Unfortunately, voting can still be challenging and intimidating for some. But it is your right, and I urge you to exercise it. Here are some tips that can make voting a little easier.
- Make sure you’re registered to vote. If you aren’t registered, you have until October 11, 2016, to register to vote.
- Find out where you vote and make sure your polling place hasn’t changed.
- Make a plan to vote. Thinking about what time of day you’ll go and how you’ll get there ahead of time makes you much more likely to vote.
- Don’t be late, be there by 8. The polls close at 8:00 p.m., but if you are in line at 8:00 p.m., you will be allowed to vote.
- You can view your ballot now.
- You can bring your kids to the polls. Don’t let a lack of child care prevent you from voting.
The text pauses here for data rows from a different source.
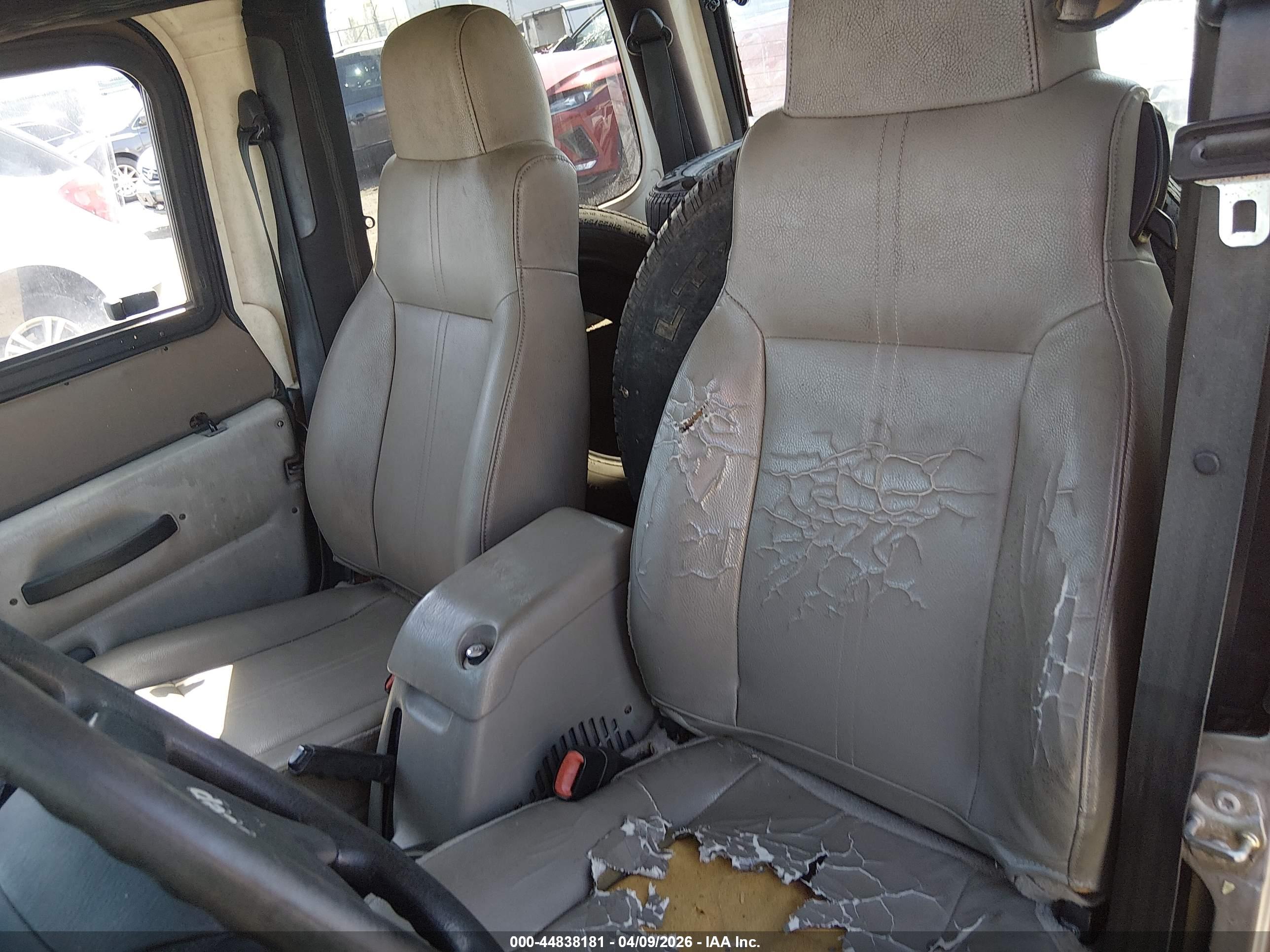 JEEP WRANGLER image 8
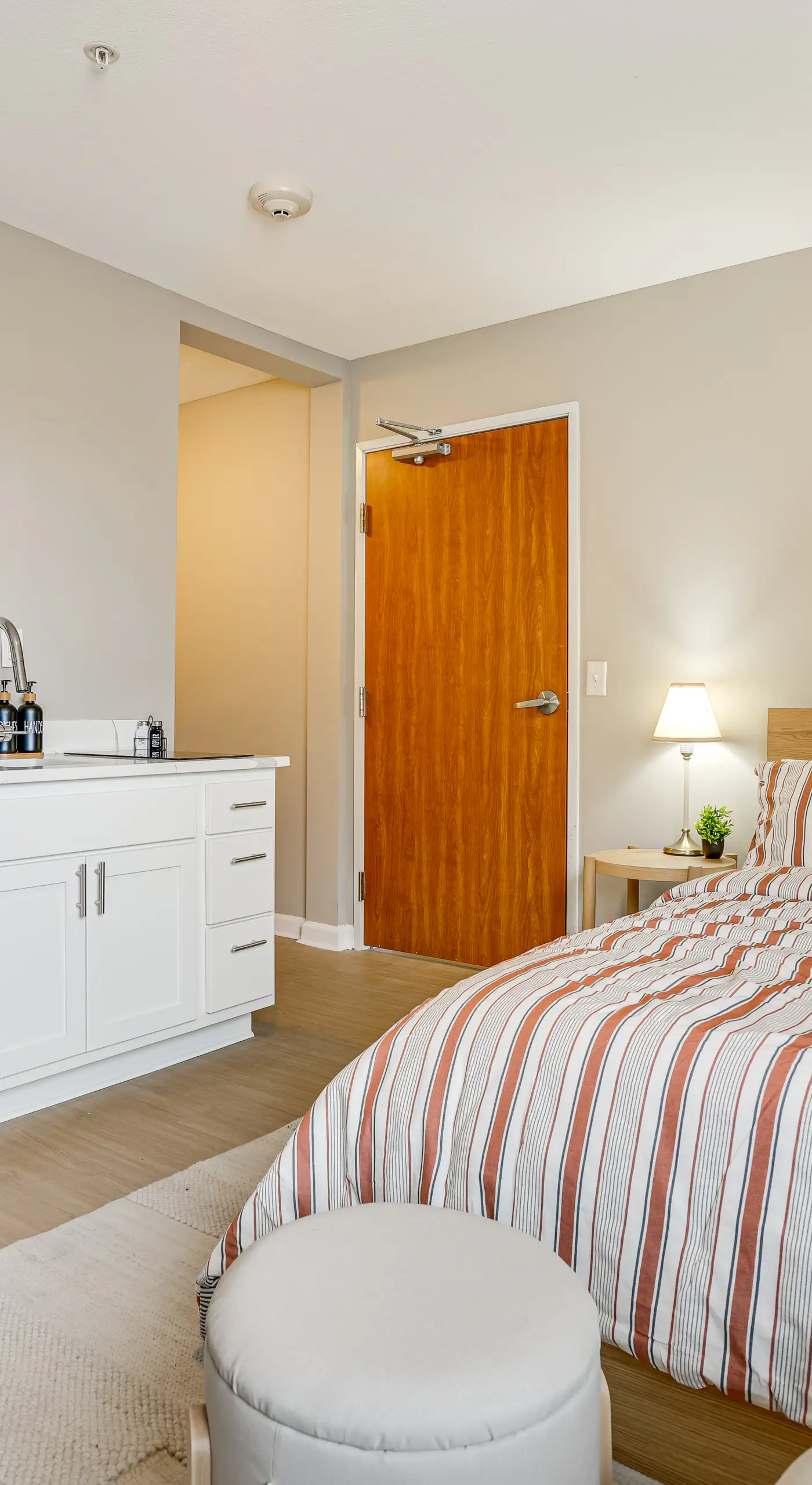 Convenient Studio Stay: Easy Access to Twin Cities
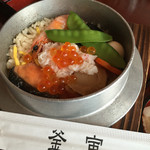 宅配御前 釜寅 - 料理写真:海鮮釜めし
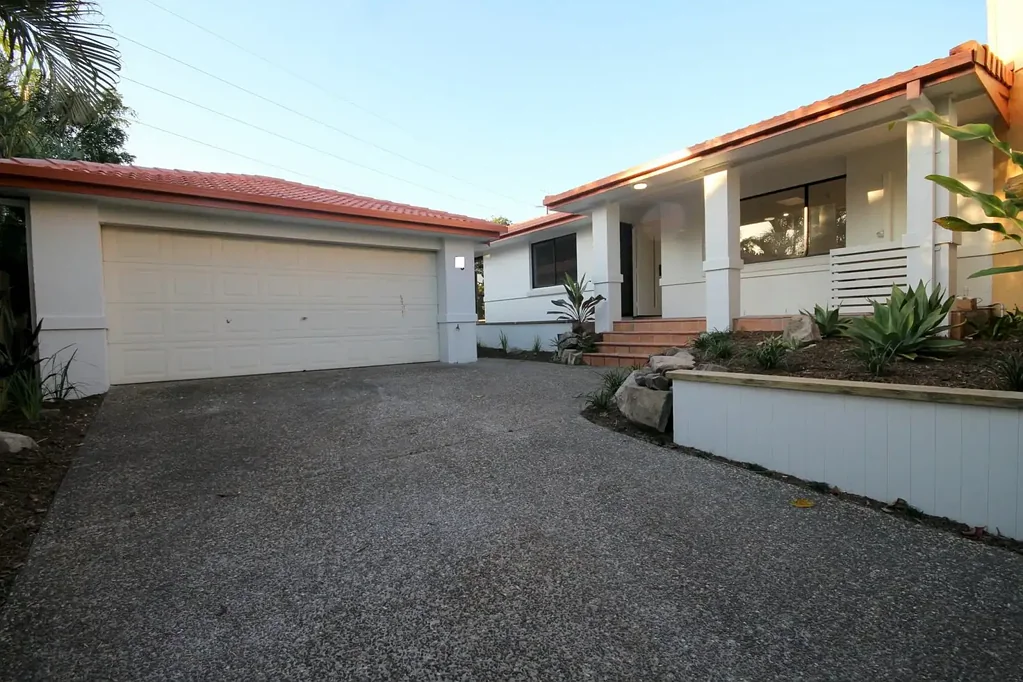 Spacious Family Duplex in a Convenient Ashmore Location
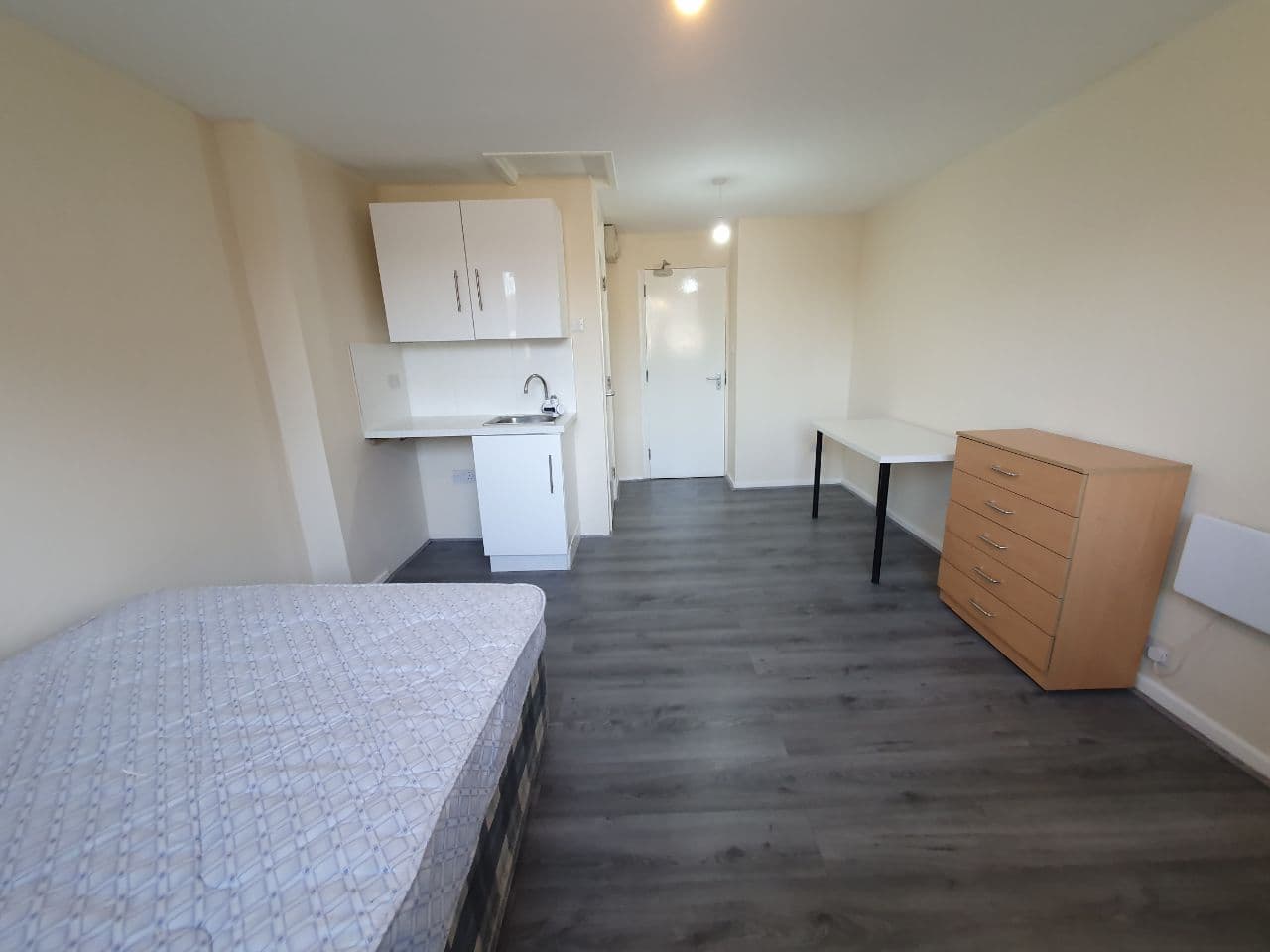Barchester Close, Uxbridge photo 3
- Although still a little complicated, college students can choose where they vote—back home or at school.
- Bring photo ID…but you still have the right to vote without one. If you forget to bring a photo ID to the polls or do not have one, you are still allowed to vote by asking to sign an affidavit of identity.
- You may be eligible to vote absentee. If you will be out of town on Election Day or will not be able to make it to the polls because of illness, disability, or religious beliefs, you can vote absentee. You can also vote by absentee for any reason if you are age 60 years old or older.
- Individuals with a criminal record can still vote, including convicted felons who have served their time or those who are on probation or parole.
This election is extremely important. We are voting for our next president, our federal, state and local elected officials, and for southeast Michigan residents like myself, we’ll be voting on a new regional transit proposal to connect Macomb, Oakland, Washtenaw and Wayne counties (the League is urging a “yes” vote).
In addition to using these tips to prepare for Election Day, I also encourage you to use the League’s candidate questions to engage with your candidates and inform your vote this last month. Democracy is the bedrock of our country and voting is a right that women and people of color fought hard for. Do not take voting for granted or let anyone convince you that your vote doesn’t matter, because I assure you it does.